» **DATA BLOCK**:
▼
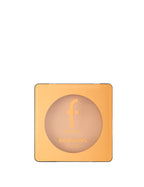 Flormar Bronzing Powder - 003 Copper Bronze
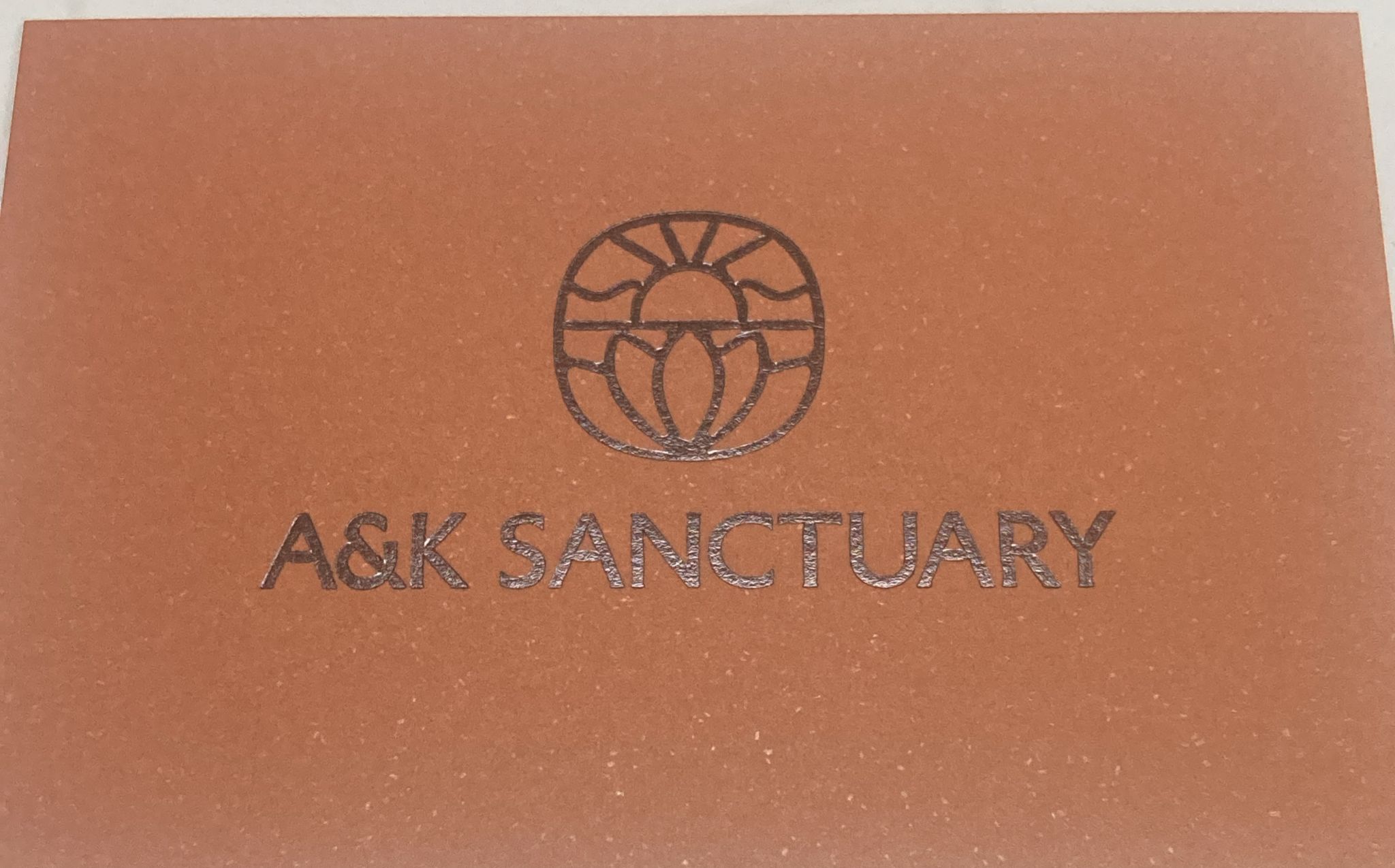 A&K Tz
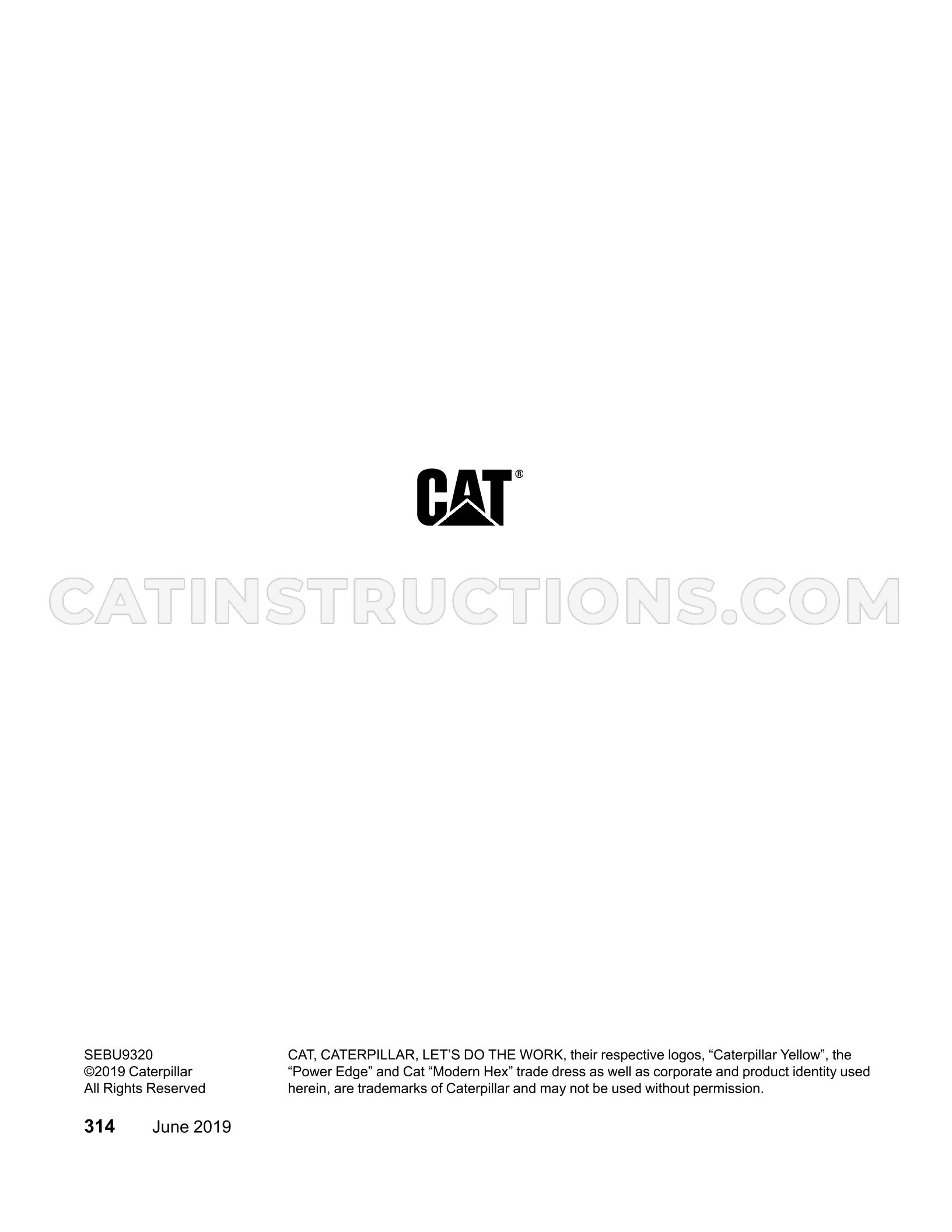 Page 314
▲
Could you transcribe the material above exactly, keeping every picture out?

» **ANSWER BOX**:
 Flormar Bronzing Powder - 003 Copper Bronze
 A&K Tz
 Page 314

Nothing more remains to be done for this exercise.